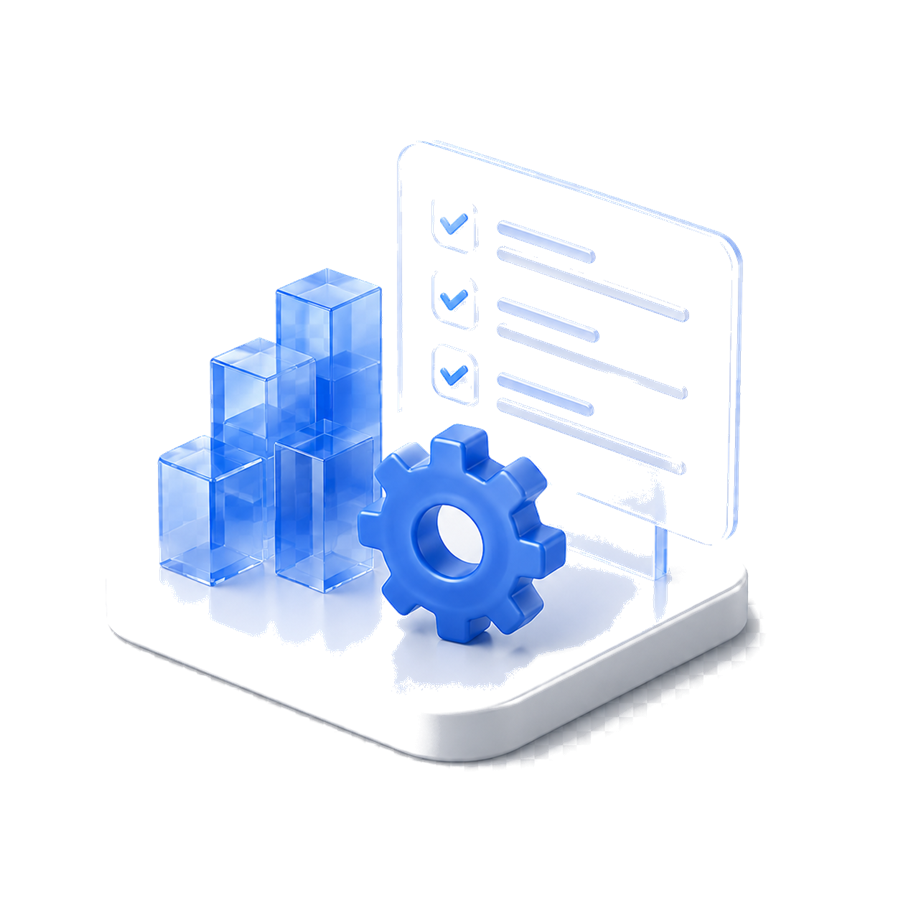 Scoping dashboard with charts, gear, and checklist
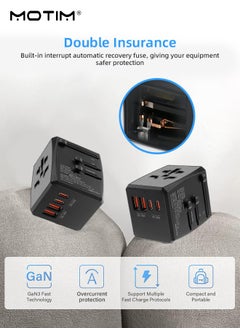 Motim Universal Power Extend Travel Adapter, 2 QC18W+2 PD20W International Charger with 2 USB Ports & 2 USB-C PD Fast Charging Adaptor, Worldwide Wall Charger for iPhone,Tablets,Laptops, Type A/C/G/I (USA/UK/EU/AUS)  - Image 4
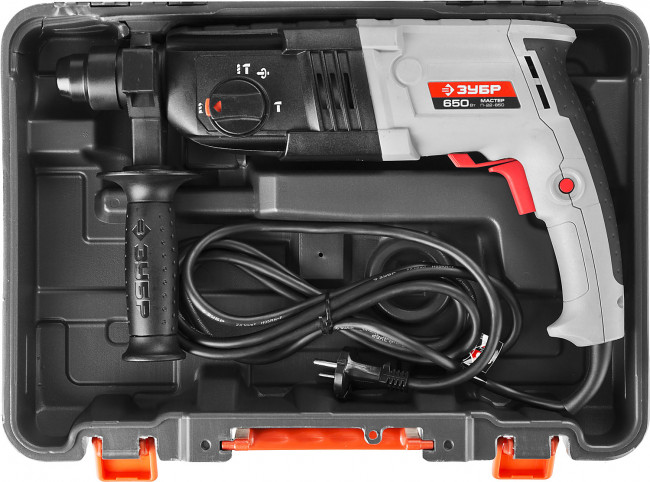 Перфоратор SDS-plus, ЗУБР П-22-650, реверс, горизонтальный, 2.3 Дж, 0-870 об/мин, 0-4850 уд/мин, 650 Вт, кейс,  ( П-22-650 ) Перфоратор SDS-plus, ЗУБР П-22-650, реверс, горизонтальный, 2.3 Дж, 0-870 об/мин, 0-4850 уд/мин, 650 Вт, кейс,  ( П-22-650 )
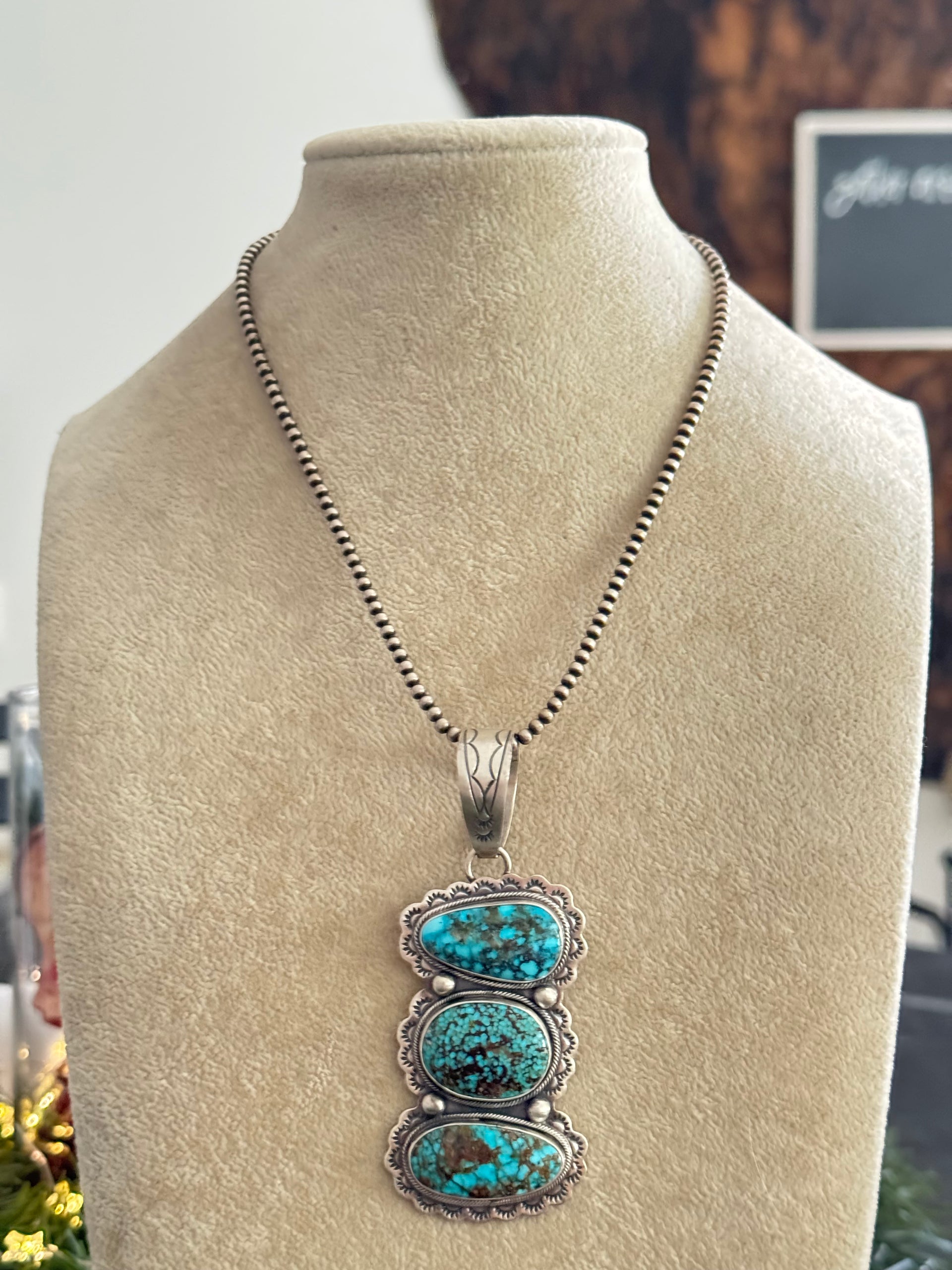 Danny Henio Kingman Turquoise & Sterling Silver Pendant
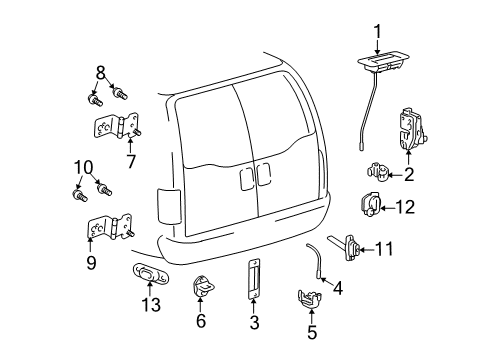 2003 Ford Excursion Cargo Door Upper Hinge Diagram for YC3Z-78420A68-BA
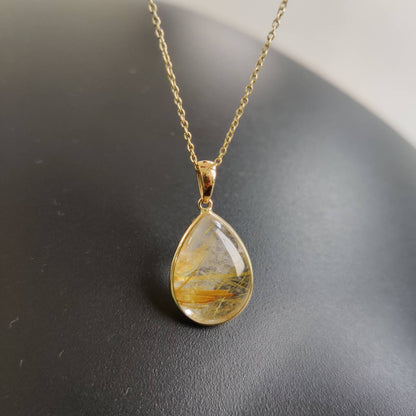 Natural Golden Rutile Pendant, 14K Solid Gold Rutile Pendant, Solid Gold Pendant Necklace, April Birthstone, Christmas Gift, Bezel Pendant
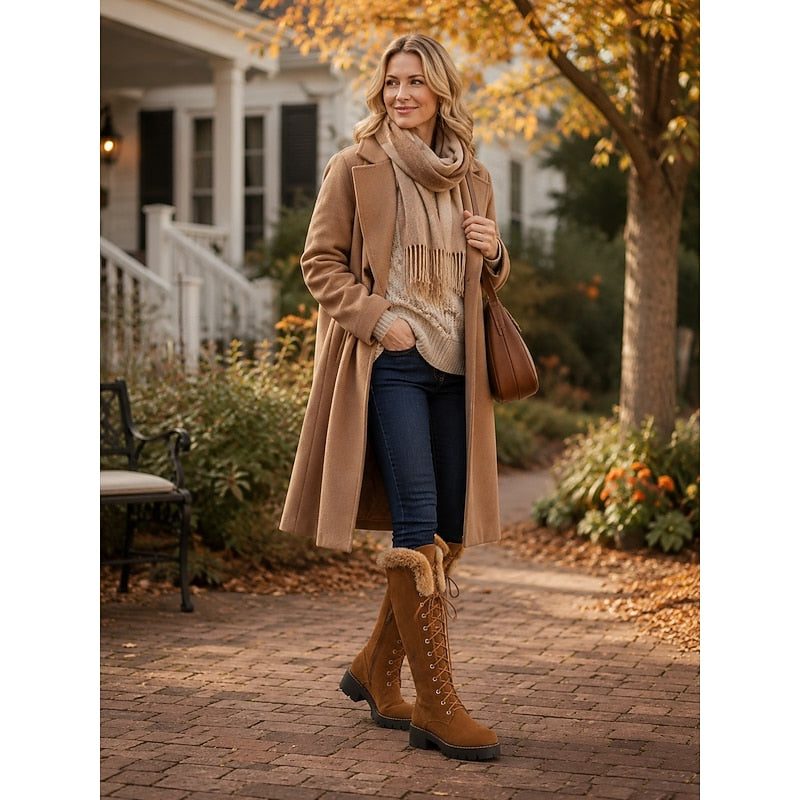Women's camel knee-high platform boots styled for fall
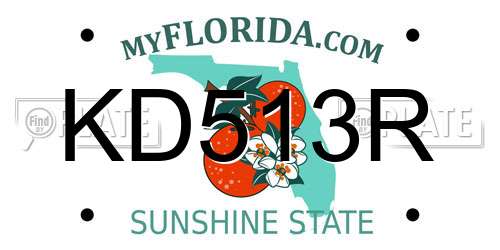 KD513R Florida License Plate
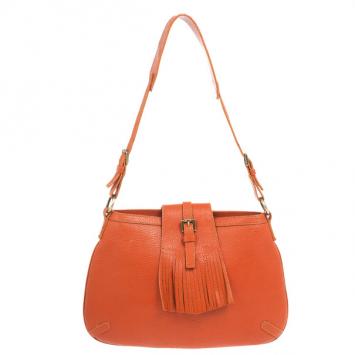 Burberry Orange Leather Shoulder Bag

**Problem**
The required answer is the lines from the one that contains "Women's camel knee-high" through the last line of the records, restated word for word, with every picture dropped.

**Exercise answer**
Women's camel knee-high platform boots styled for fall
 KD513R Florida License Plate
 Burberry Orange Leather Shoulder Bag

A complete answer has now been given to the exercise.